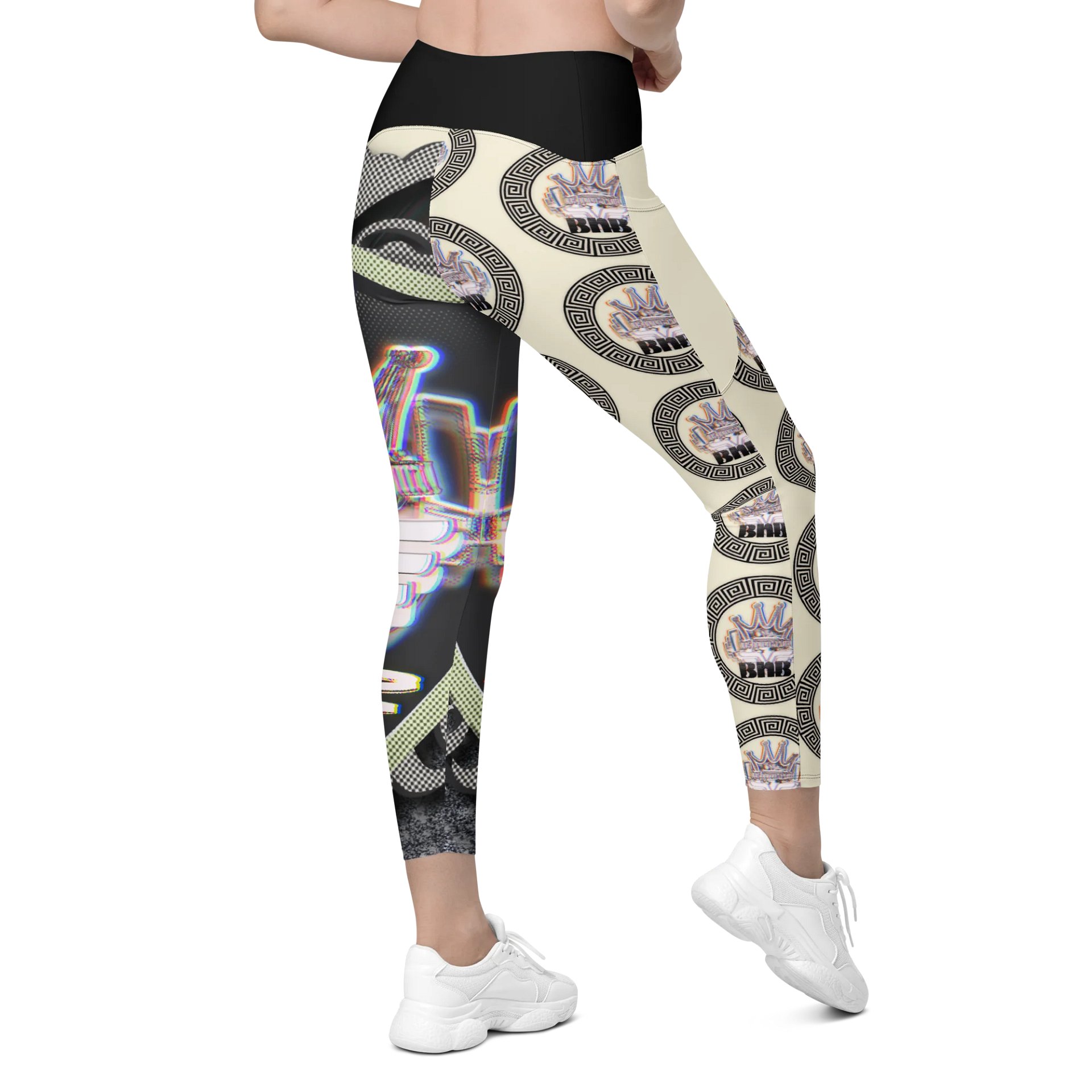 APB Crossover Leggings with Pockets product image (8)
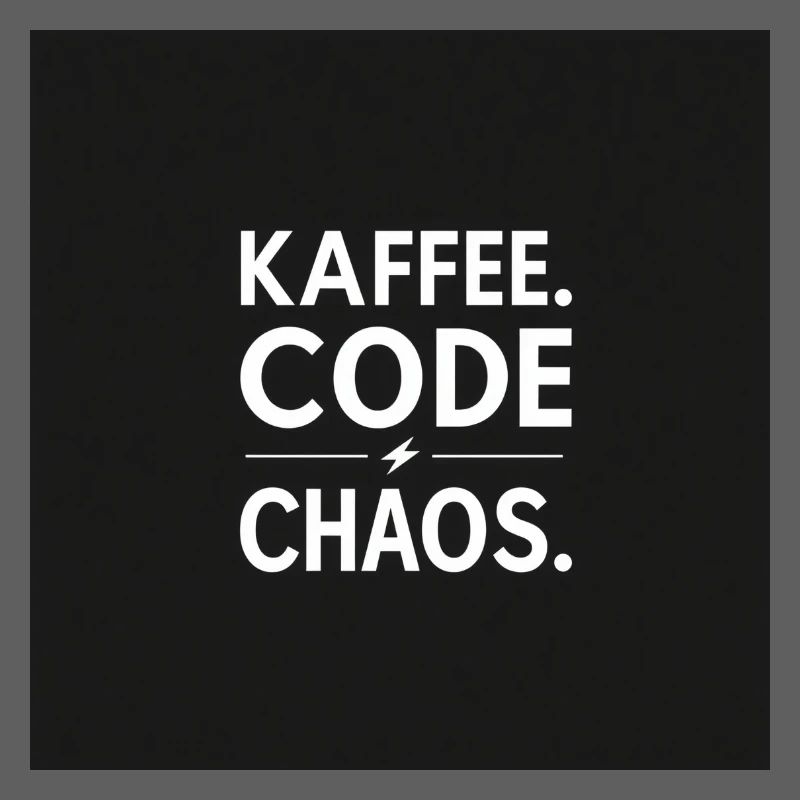 Café, Code, Chaos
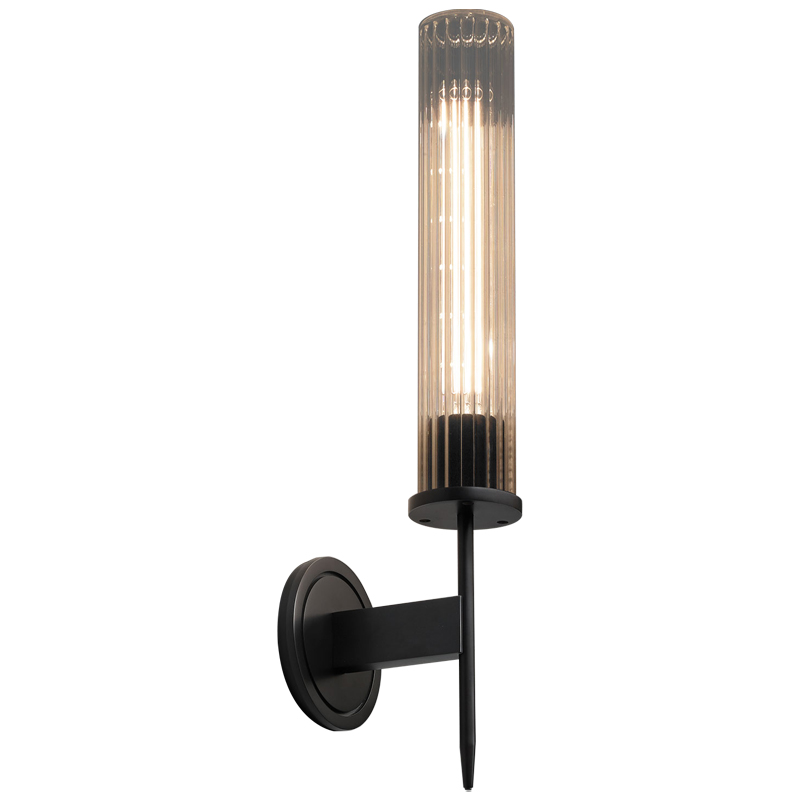 Бра Jonathan Browning ALOUETTE SCONCE Черный Цвет Черный Прозрачное Стекло Бра Jonathan Browning ALOUETTE SCONCE Черный Цвет Черный Прозрачное Стекло в Костроме | Loft Concept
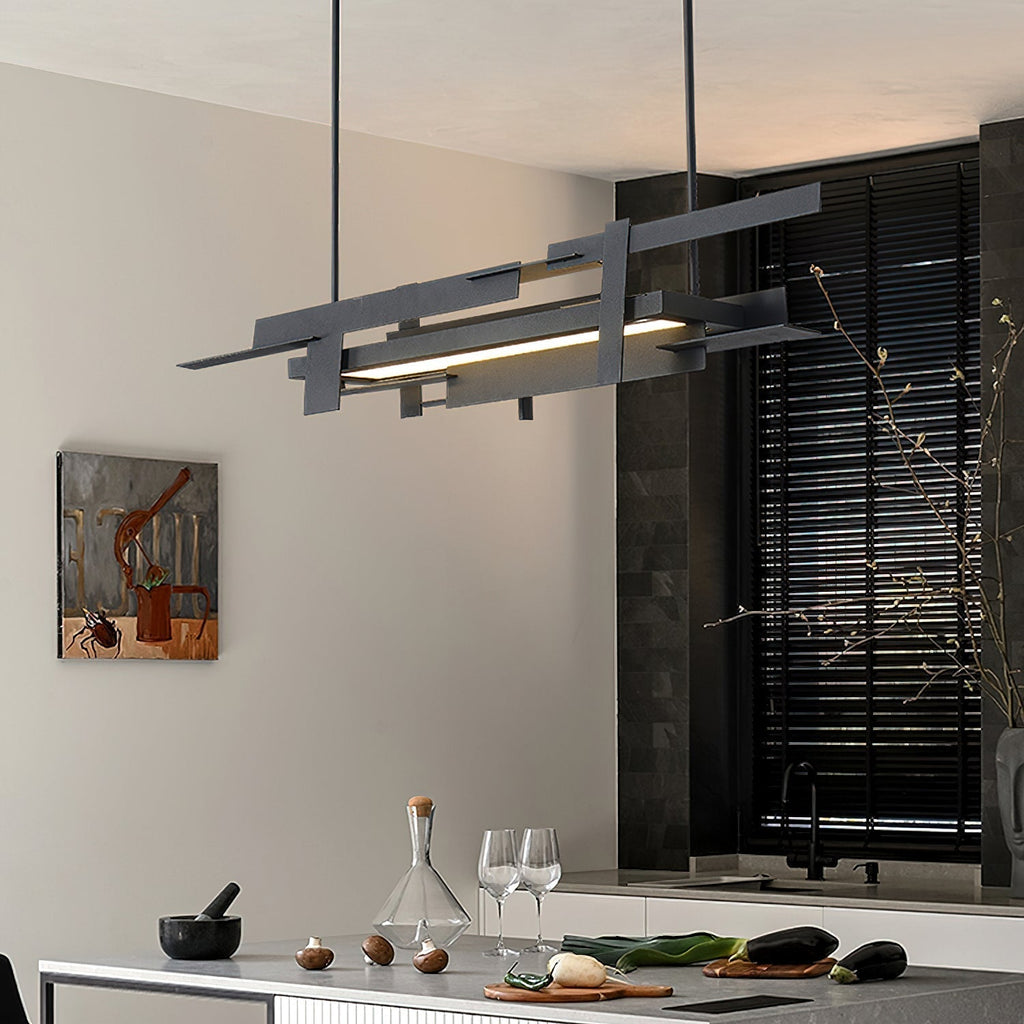 Galenena Metal Pendant Light-Moonnatur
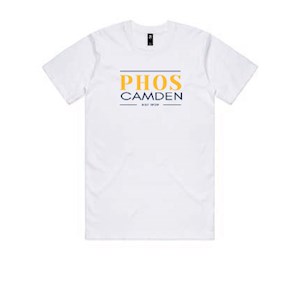 PHOS Camden FC Print Tee - White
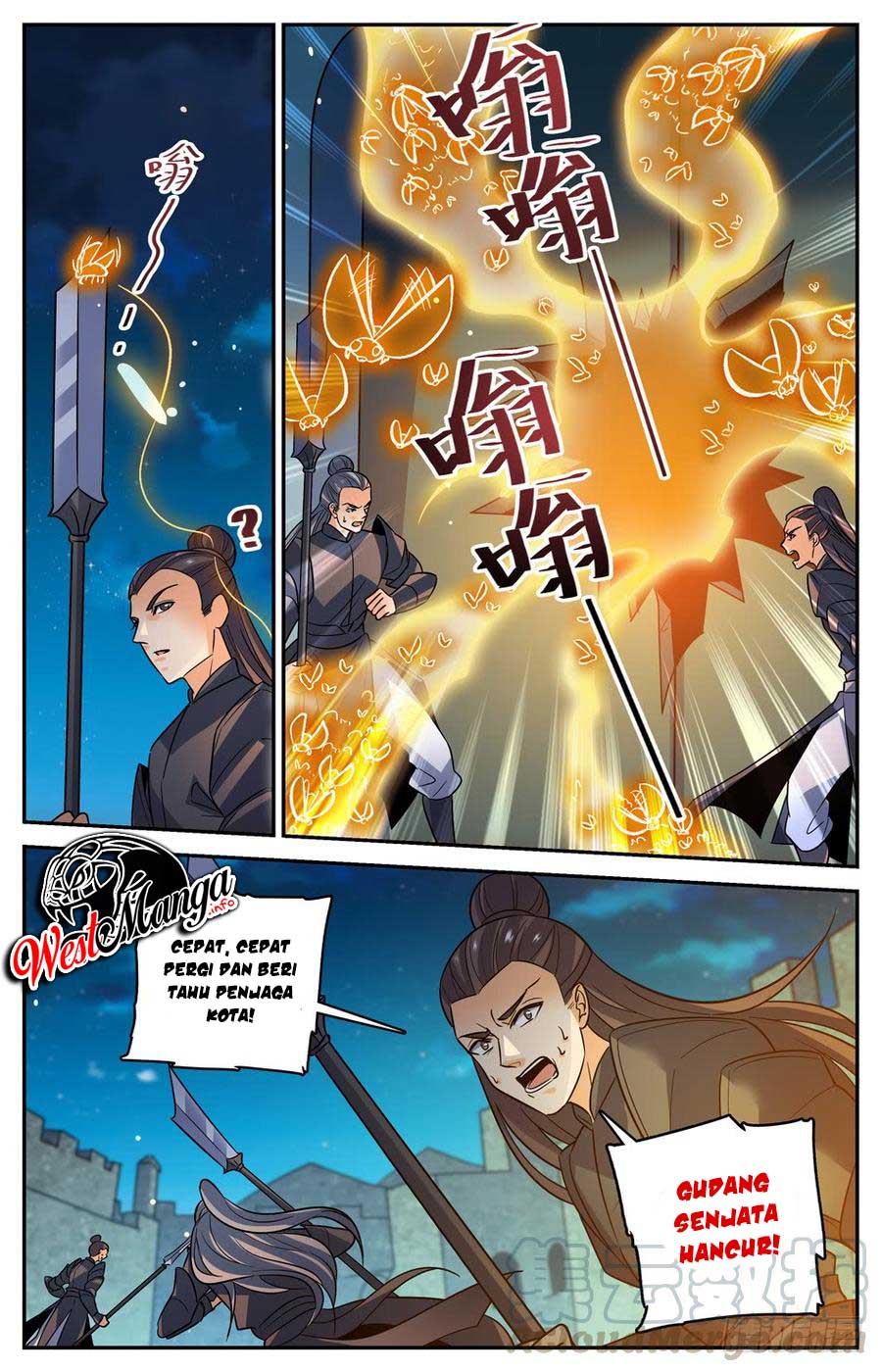 Lian Fei Wei Bao Chapter 62 Gambar 10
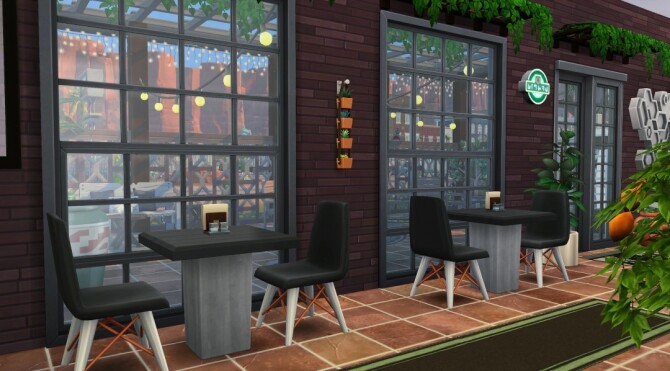 Sims 4 Froth Cafe at Jenba Sims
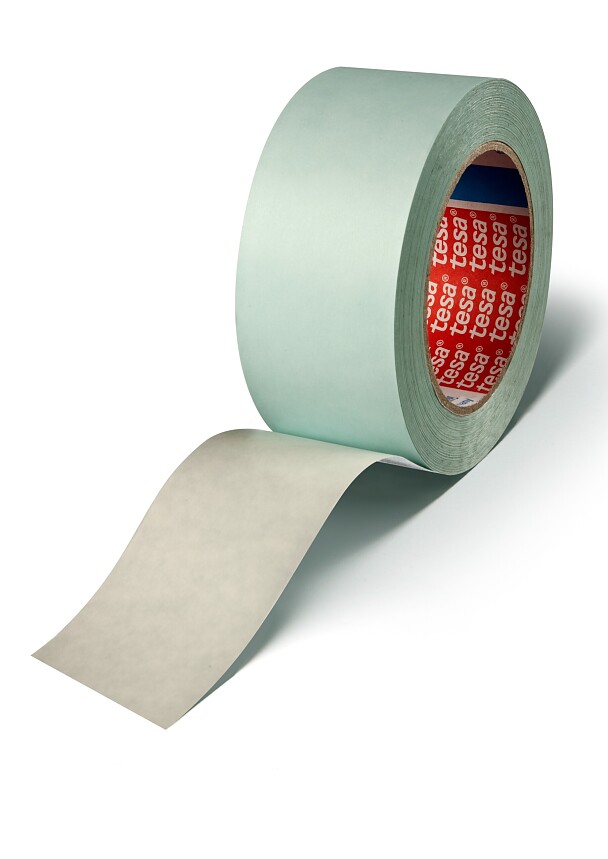 tesa 4441 140 µm monoadesivo repulpable tape, light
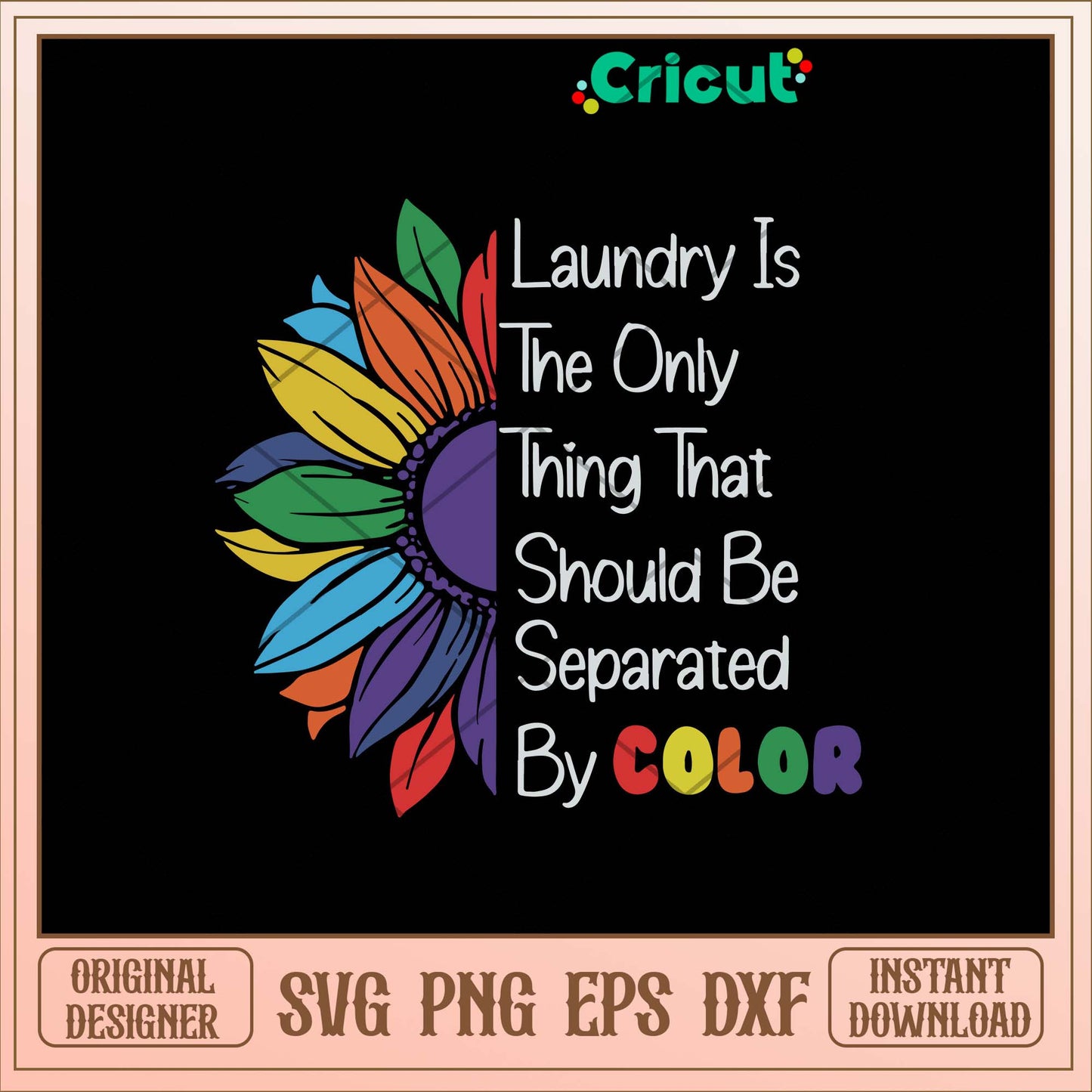 Laundry is the only thing that should be separated by color svg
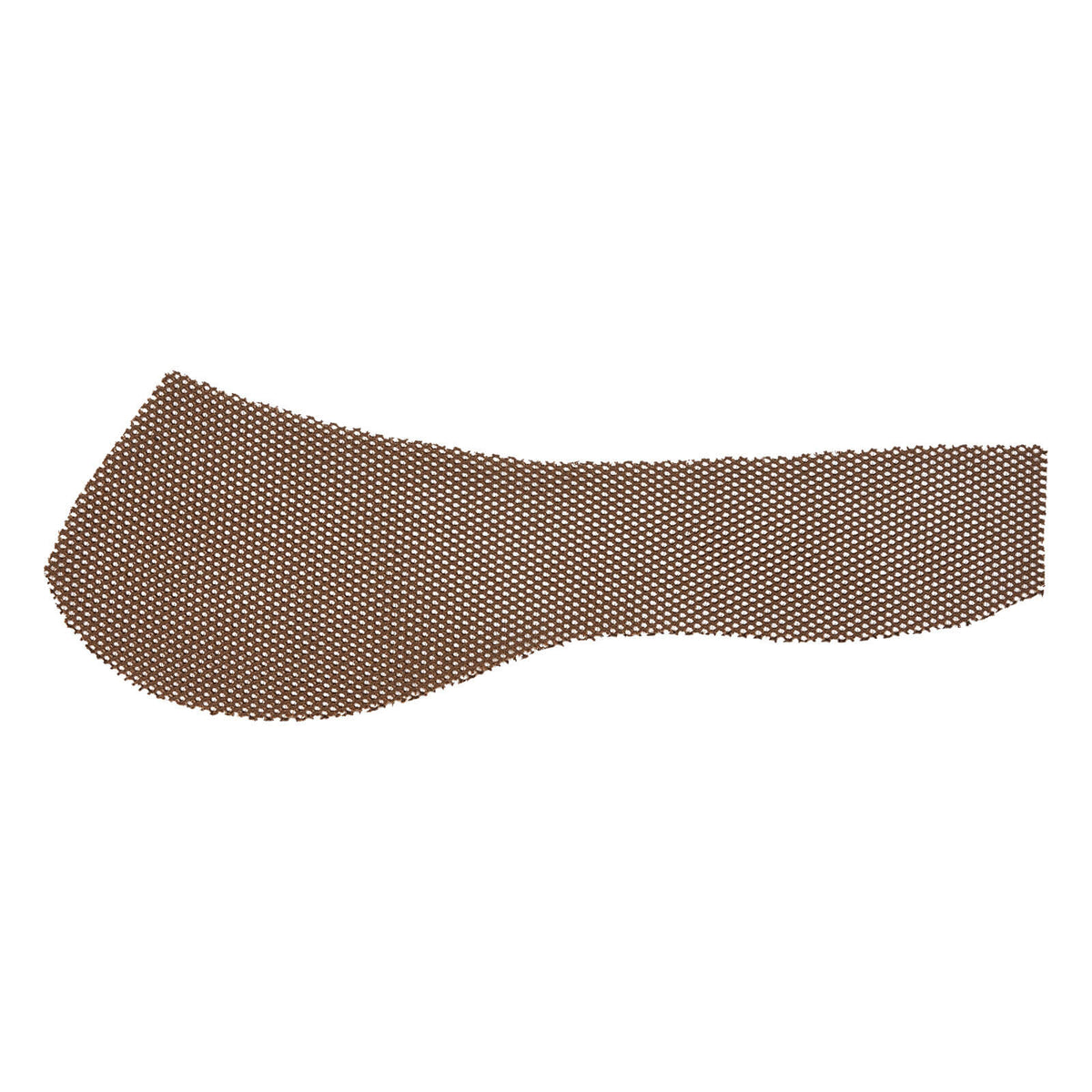Sattelunterlage 3D Air Effect Flexi SP Springunterlage, Braun, Produkt allein auf weißem Hintergrund.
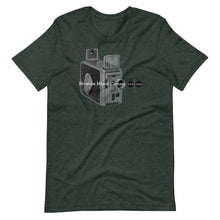 Load image into Gallery viewer, Brownie Movie Camera T-Shirt - Multiple Colors and Sizes - Fashion - Photography - Film - Directing - Gifts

_WHAT THIS TASK INVOLVES_
Of the records above, print only the lines from the one containing "tesa 4441 140" through the one containing "Sattelunterlage 3D Air", inclusive and unaltered, leaving out pictures.

_RESULT OF THIS TASK_
 tesa 4441 140 µm monoadesivo repulpable tape, light
 Laundry is the only thing that should be separated by color svg
Sattelunterlage 3D Air Effect Flexi SP Springunterlage, Braun, Produkt allein auf weißem Hintergrund.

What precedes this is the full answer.